### Dataset extract

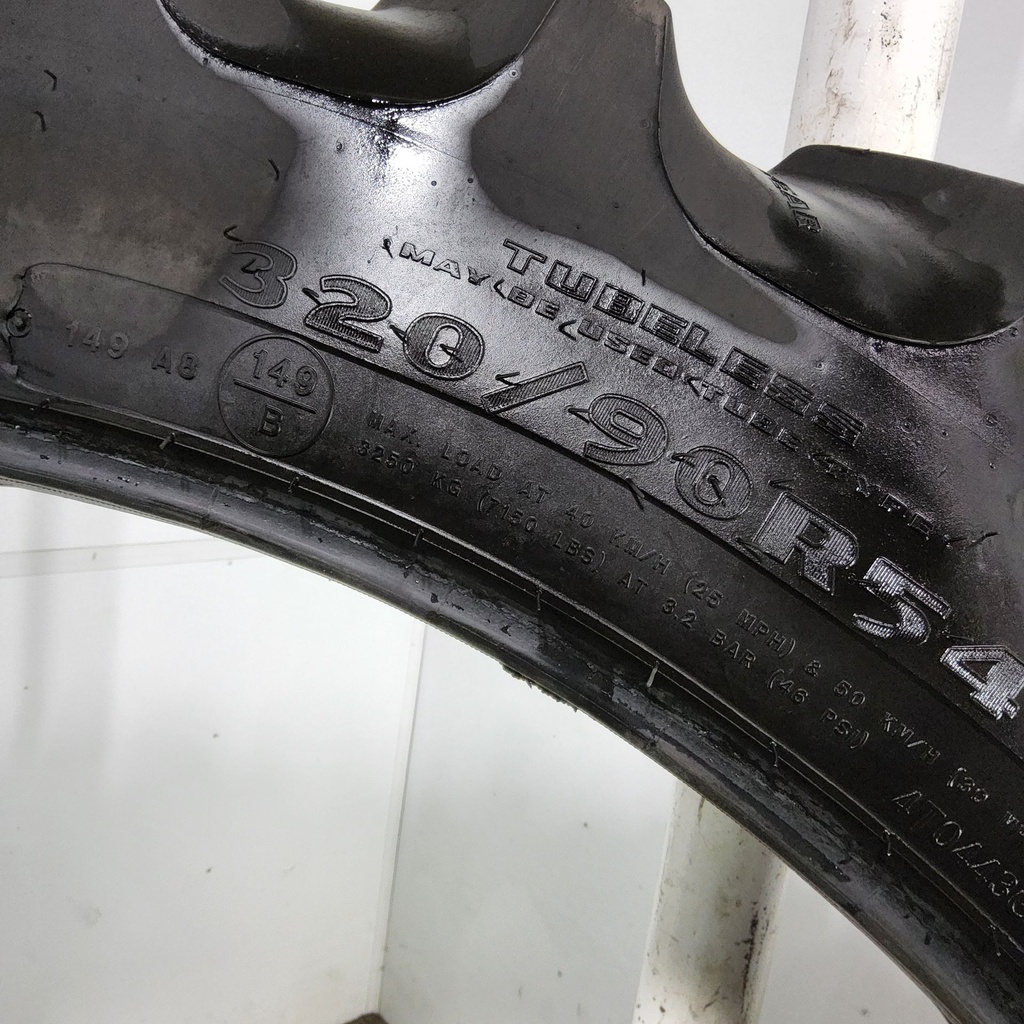 320/90R54 Goodyear Farm DT800 Super Traction R-1W 149A8 75%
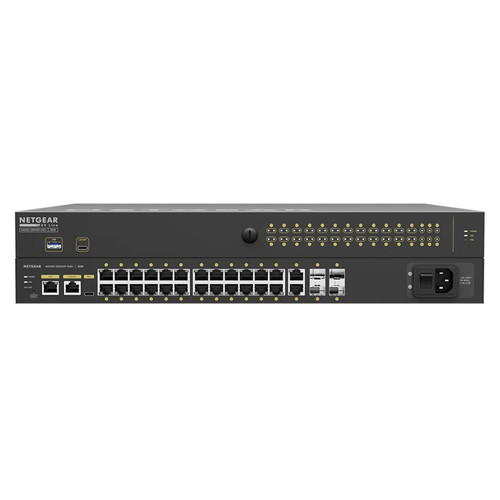 QSC NS26-480+ 26-Port 4x 10 Gbps Gbps Pre-Configured NETGEAR Network Switches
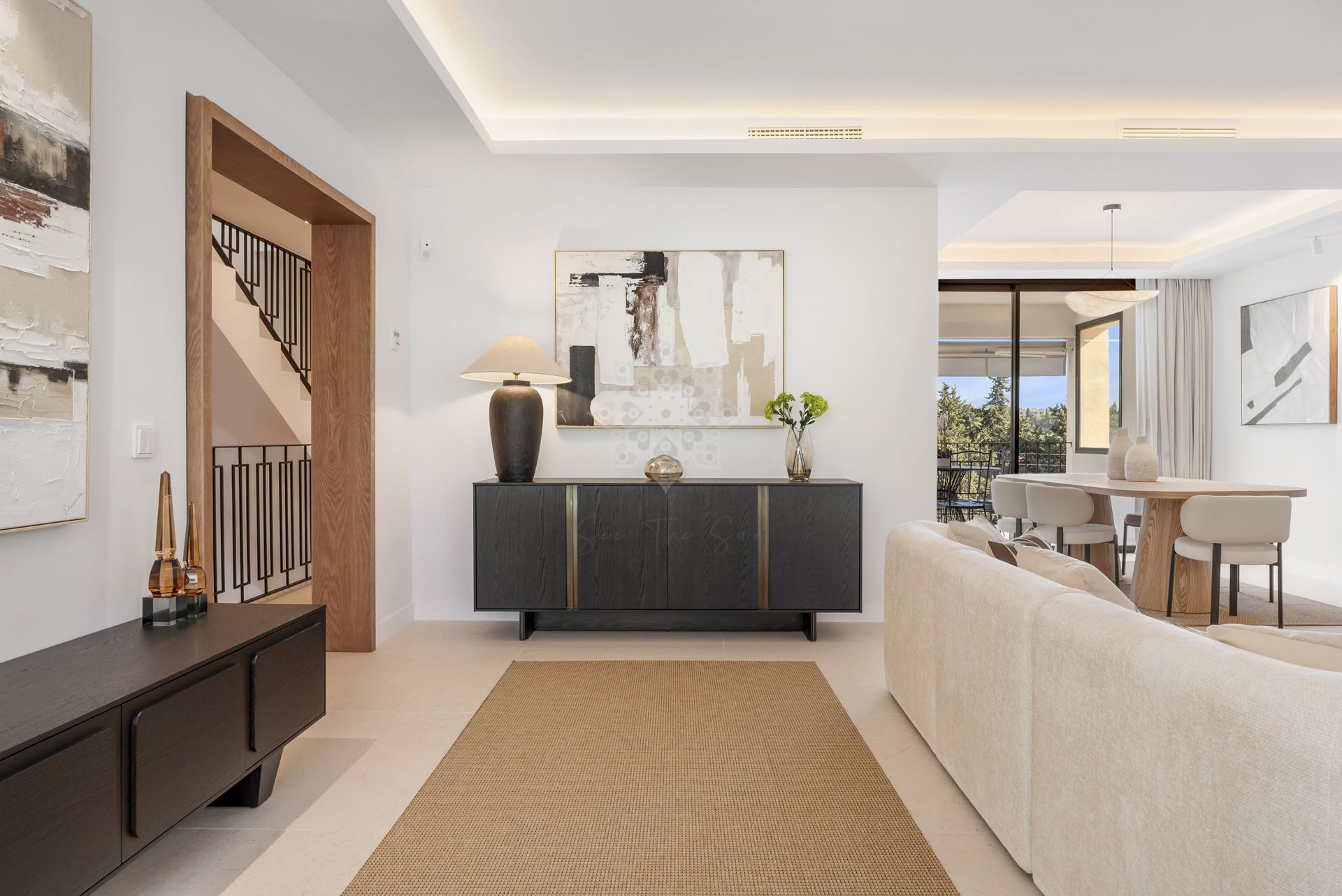 Town House in Los Olivos, Marbella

### Activity
Repeat every line of the data exactly, but do not include pictures.

### Task solution
 320/90R54 Goodyear Farm DT800 Super Traction R-1W 149A8 75%
 QSC NS26-480+ 26-Port 4x 10 Gbps Gbps Pre-Configured NETGEAR Network Switches
 Town House in Los Olivos, Marbella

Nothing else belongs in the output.